Перед новой подачей Себа Мила вскинула руку, знаком прося подождать. Себ наблюдал, как она возилась со своими волосами, убирая их за уши и закрепляя заколками, чтобы пряди не падали на глаза. В том, что она делала, не было ничего соблазняющего, – только вот майка облепила тело Милы, когда она вскинула руки. Под тонкой материей проступили очертания ее талии и грудей.
Себ резко отвернулся, и впервые в жизни сокрушительный удар по твердой поверхности корта принес ему такое облегчение. Он почти физически ощутил это – удовлетворение от мышечной разрядки, позволившее отвлечься от неприличных мыслей о Миле.
Его подруге…
Лучшей подруге Стефани.
Отныне Себ понимал лишь одно: Мила должна снова стать частью его жизни. Платонически. Потому что, даже если она каким-то невероятным образом сочла бы его привлекательным, ни о каких отношениях не могло быть и речи.
Ни с Милой, ни с любой другой женщиной.
Он отошел на заднюю линию.
Шлеп.
Эйс.
– Тридцать – пятнадцать.
После Стефани у него были женщины. Две, если быть точным. Бессмысленные, ничего не значащие связи. В затуманенном горем состоянии он забредал в лондонские бары, а потом даже не мог вспомнить имен своих партнерш. Он просыпался в одиночестве и еще более опустошенным – поэтому решил остановиться.
С последней связи прошло много месяцев. Почти год.
Шлеп. Шлеп. Шлеп.
– Сорок – пятнадцать.
У него не получилось со случайным сексом – и точно не получилось с браком. Себ едва мог припомнить, когда последний раз спал со Стефани, – он всегда работал до поздней ночи. А когда приходил домой, между ними ощущалась дистанция. Он отмахивался от Стеф, когда она пыталась заговорить с ним.

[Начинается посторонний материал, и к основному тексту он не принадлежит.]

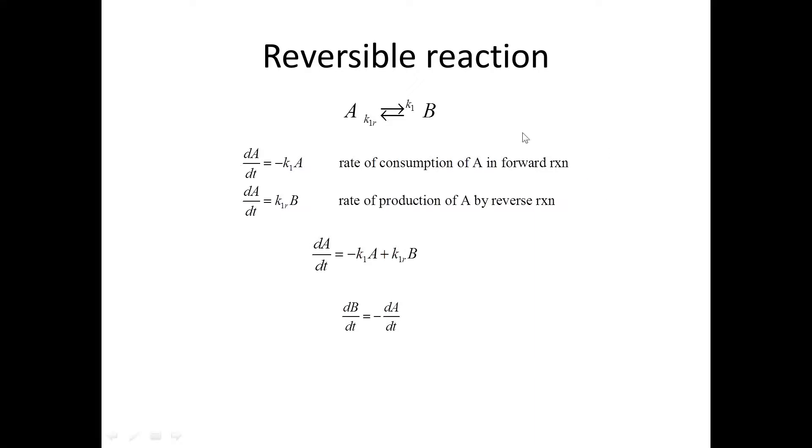A reversible reaction is where the reactant A goes to product B, but then a back reaction causes B to go to A.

Он отчетливо помнил очертания ее тела, когда она спала в их постели, спиной к нему. Всегда.
Он не находил времени для Стеф и упорно игнорировал ее беспокойство по поводу их брака. Недостаток общения, недостаток близости – фактически, их пути разошлись уже давно.
Он причинял боль тем, кого любил. Ему не стоило заводить отношения. Это ведь он подтолкнул свою жену к катастрофическому выбору.
Шлеп. Шлеп. Шлеп.
Мила дотянулась за посланным Себом через весь корт мячом и отбила его высокой «свечой». Себ побежал к сетке, ожидая, что мяч вот-вот прилетит и он сможет отбить его сокрушительным ударом сверху вниз. Он вскинул ракетку, приготовившись.

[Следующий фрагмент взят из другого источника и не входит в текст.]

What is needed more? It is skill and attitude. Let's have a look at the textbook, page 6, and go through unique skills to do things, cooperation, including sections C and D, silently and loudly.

А потом, подгоняемый всеми неловкими, неприятными, нежеланными эмоциями, бурлившими у него внутри, размахнулся и…
Смэш вышел превосходным – прямо в угол задней линии. У Милы не было ни малейшего шанса достать мяч, но она все-таки попыталась, вытянув ноги, руки и ракетку до абсолютного предела.
И тут Мила споткнулась, рухнула на корт, немного проскользив по его безжалостно жесткому покрытию.

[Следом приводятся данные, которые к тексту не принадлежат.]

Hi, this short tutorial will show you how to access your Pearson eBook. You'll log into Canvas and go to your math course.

Прежде чем она успела затормозить, Себ со всех ног бросился к ней.
Она с усилием села, вытянув красные, в царапинах ладони.
– Ой, – слабо улыбнулась она.
Себ опустился рядом с ней.
– Ты в порядке?
Колоссальным усилием воли Себ удержался от желания сжать Милу в объятиях. Он с тревогой окинул ее взглядом в поисках каких-нибудь признаков ран.
Мила осторожно вытянула ноги, потом покрутила лодыжками.
– Похоже, все в порядке, – констатировала она, подняв на него взгляд.
– Не совсем. – Себ потянулся и аккуратно повернул ее руку, чтобы Мила увидела неглубокие царапины, испещрившие кожу по всей длине. На отвратительных красных линиях выступили капельки крови.
– Выглядит хуже, чем ощущается.
– А ты – крепкий орешек, Мила Молинье.
Она снова еле заметно улыбнулась.
– Иногда.
Как и накануне, их взгляды встретились. И Себ вновь потерялся в ее невероятных голубых глазах. На сей раз он уже не притворялся, что лишь констатирует очевидное и восхищается Милой исключительно по-дружески.
Нет, то, что он чувствовал сейчас, больше напоминало его ощущения в возрасте четырнадцати лет. Как и тогда, гормоны грозили взорвать его тело изнутри, а мозг отказывался функционировать.
А он и забыл… Забыл, каково это – смотреть на Милу так, видеть ее так – хотеть ее так. Прошло столько времени…
Но как она смотрела на него? Совсем не с отвращением, как ожидал Себ, которое он заслужил, позволив себе с вожделением пялиться на свою подругу. Скорее как…
Оглушительный вопль с соседнего корта испортил это мгновение. Себ поднял взгляд. Двое парней закончили матч, и тот, что был пониже ростом, завершал триумфальное шествие вокруг сетки.
Тем временем Мила поднялась на ноги.
– Три – один, – твердо сказала она, уже без намека на то, что Себ успел заметить в ее глазах. – Моя подача.